The study will aim to confirm what species live there — including possibly any unknown animals that might be lurking in the 754ft (230 metre) depths.
Last month First Minister Nicola Sturgeon insisted the Loch Ness Monster exists in an interview with ITV’s Good Morning Britain.
Over the years various efforts have tried and failed to find the beast.
In 1987 a £1 million ($A1.788 million) exploration called Operation Deepscan used a fleet of 24 boats which used sonar equipment to trawled 23-mile long lake.
Nessie must have been hiding because the team came back with nothing.
HUNT FOR A LEGENDARY MONSTER
There have been dozens of sightings of the fabled creature over the years.
Irish monk St Columba was said to have seen a “giant water beast” dragging a man to his death in the River Ness in the year 565.
A road built alongside the 23-mile lake made it easier for people to visit and sightings of the monster soon followed.

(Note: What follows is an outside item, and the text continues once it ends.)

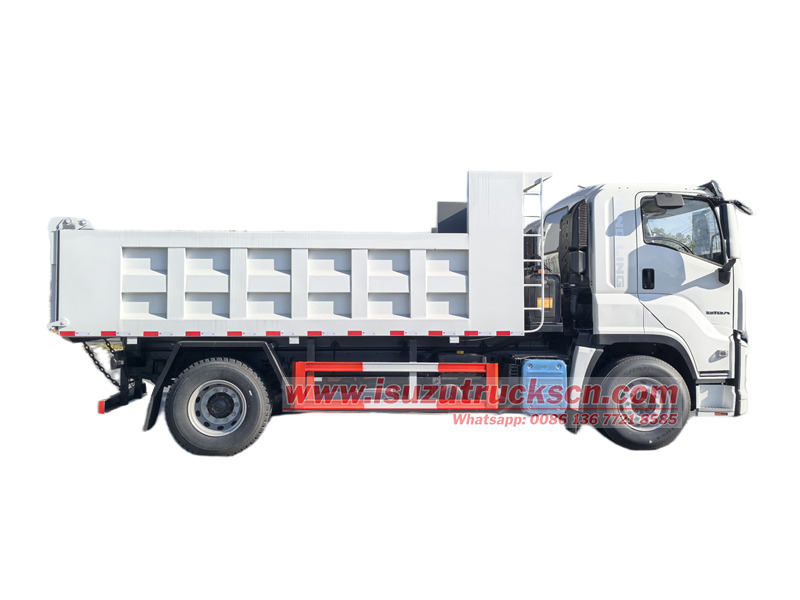 ISUZU GIGA 4&times;2 dump trucks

The most famous is the “surgeon’s photograph” taken by Dr Kenneth Wilson in 1934 and published in the Daily Mail.
It fooled people for 40 years and ignited worldwide curiosity in the local myth. But in 1975 the image was exposed as a hoax, created with a wooden head and neck attached to a toy submarine.
There have been more than 1,000 sightings since, and a host of documentaries attempting to explain the legend.
One of the most convincing photographs showed a brown dinosaur-like hump arching out of the water in 2012.
Local tour boat operator George Edwards later admitted he faked it “for a bit of fun” using a fibreglass prop from a 2011 National Geographic documentary.